Come ogni stagione ha la sua ricchezza di colori, di armonie e di bellezza, così sono convinto che avvenga nelle “stagioni” della fede.
Soltanto chi è vissuto a lungo si accorge delle primavere o degli autunni della fede. Il passaggio dall’estate all’inverno avviene in maniera lenta e graduale, per cui neanche ti accorgi delle mutazioni, ma alla distanza di mesi avverti che il paesaggio è profondamente mutato.
Una decina di anni fa s’imponeva all’attenzione del mondo cristiano la “teologia della liberazione”. Questo movimento di pensiero si è sviluppato in maniera sorprendente e rigogliosa tra le comunità cristiane del Centro America. Questa riflessione culturale, che ben presto lievitò anche la sensibilità sociale e cominciò ad aggredire anche la politica, si fondava sulla tesi che il messaggio cristiano aveva come compito principale quello di liberazione dell’uomo dai condizionamenti, dai soprusi dei governi e delle classi dominanti che avevano ridotto alla miseria e a condizioni servili i loro popoli.

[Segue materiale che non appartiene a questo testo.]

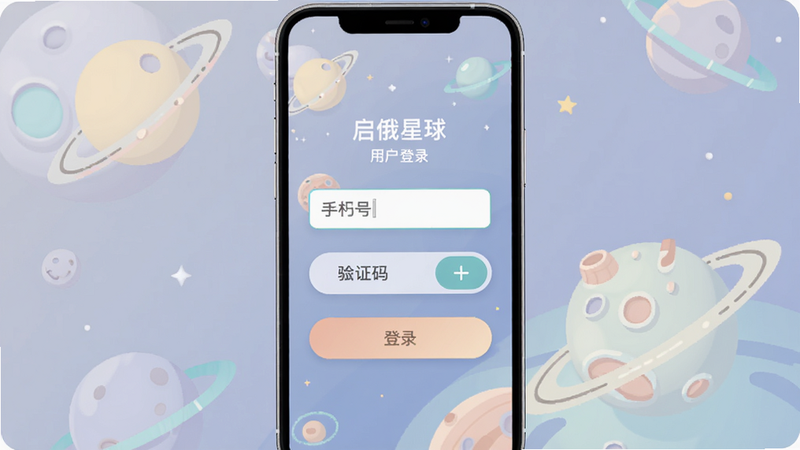 启俄星球用户登录界面示意图,展示手机屏幕中的登录表单,包含手机号输入框、验证码按钮、登录按钮,背景为星球元素,布局居中,风格简洁,色彩淡雅,细节清晰,画质干净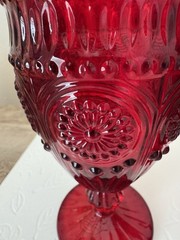 The Pioneer Woman Adeline Ruby Red Embossed Goblets Glasses 12oz Set of 2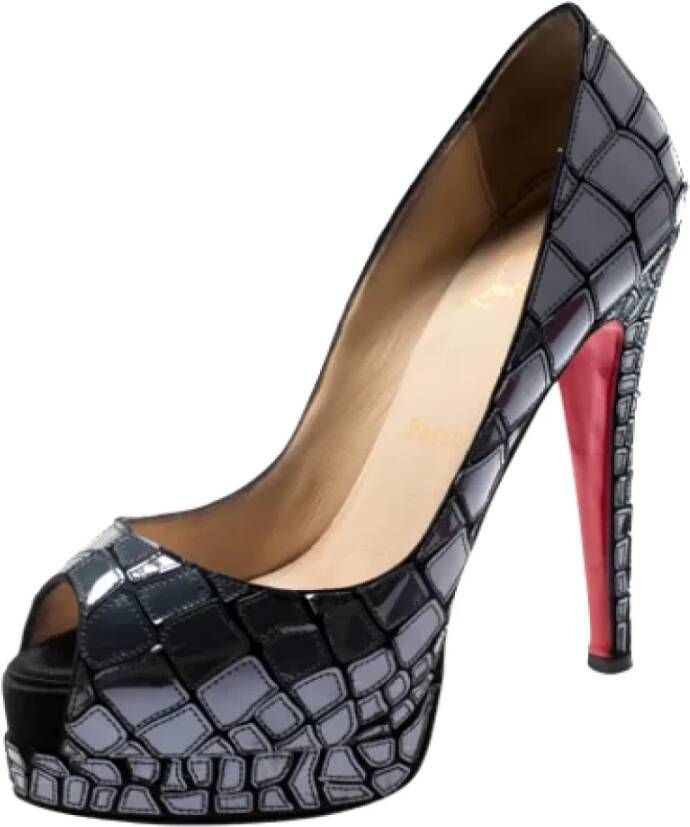 Christian Louboutin Pre-owned Satin heels Gray Dames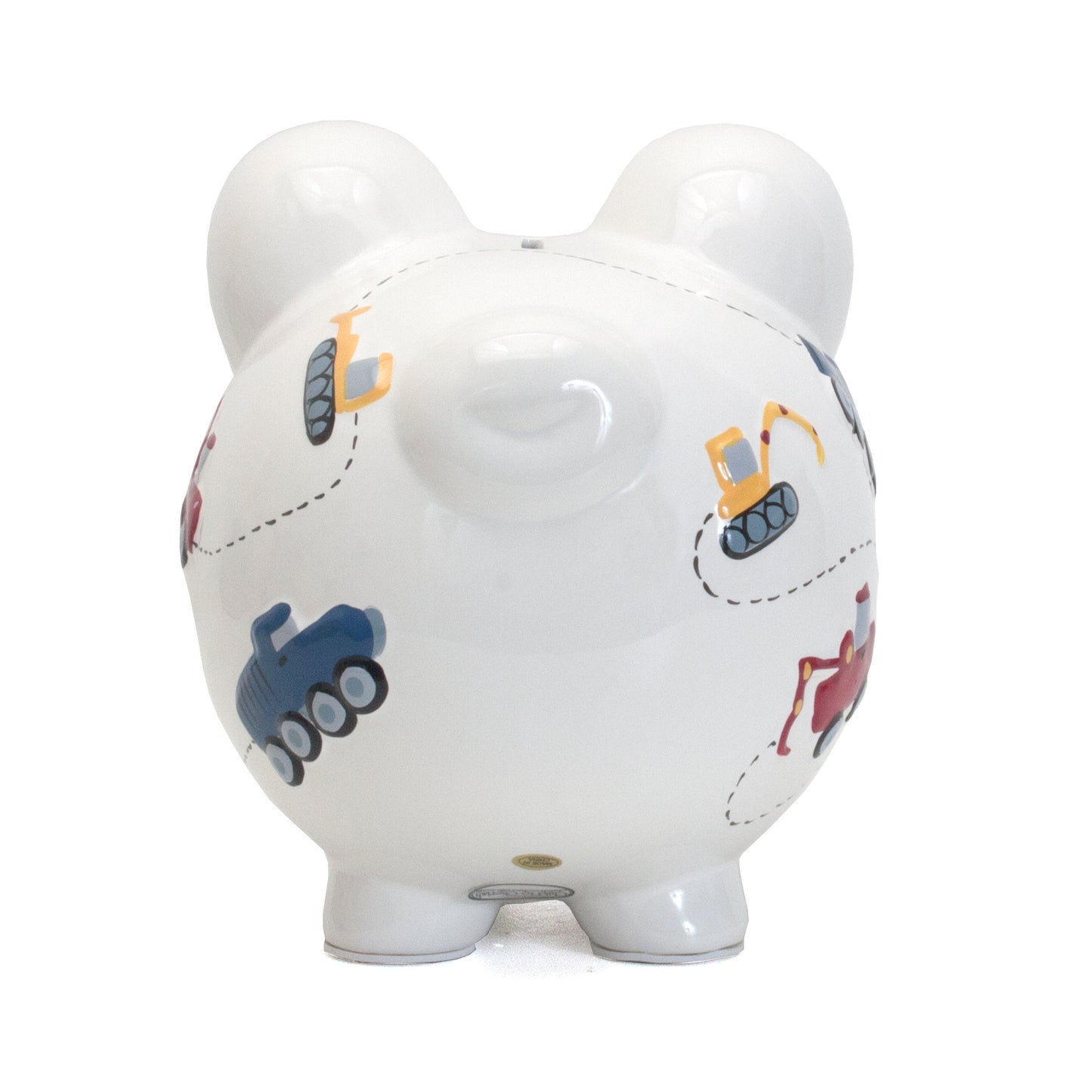 Underside view of piggy bank showing four sturdy legs and smooth glossy finish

Ben presto questo movimento di pensiero non solamente si diffuse tra il popolo e i sacerdoti delle parrocchie, ma coinvolse anche l’episcopato del Centro America.
La gerarchia è intervenuta ridimensionando questa posizione teologica. Il Cristianesimo è una risposta alla vita nella sua globalità, ridurlo ad un movimento di promozione sociale è certamente impoverirlo. Resta però il fatto che la libertà dalla miseria e dai condizionamenti politici per poter esprimere le proprie idee e poter incidere sulla vita sociale, fa parte delle legittime attese dell’uomo.
Questa mattina, la presa di posizione di Gesù, che fa proprie le affermazioni del profeta Isaia (“Il Signore mi ha mandato ad annunziare ai poveri il lieto messaggio, per proclamare ai prigionieri la liberazione e ai ciechi la vista, per rimettere in libertà gli oppressi e predicare un anno di grazia”) mi ha riportato alla teologia della liberazione. Mentre le leggevo, mi è parso che queste parole siano proprie di una nuova primavera della fede e siano indicative di un’altra stagione di cui tutti dobbiamo tener conto.
Oggi l’impegno per “liberare l’uomo” dovrebbe essere un mandato del quale ognuno si senta investito, se vogliamo vivere coerentemente la stagione del nostro tempo.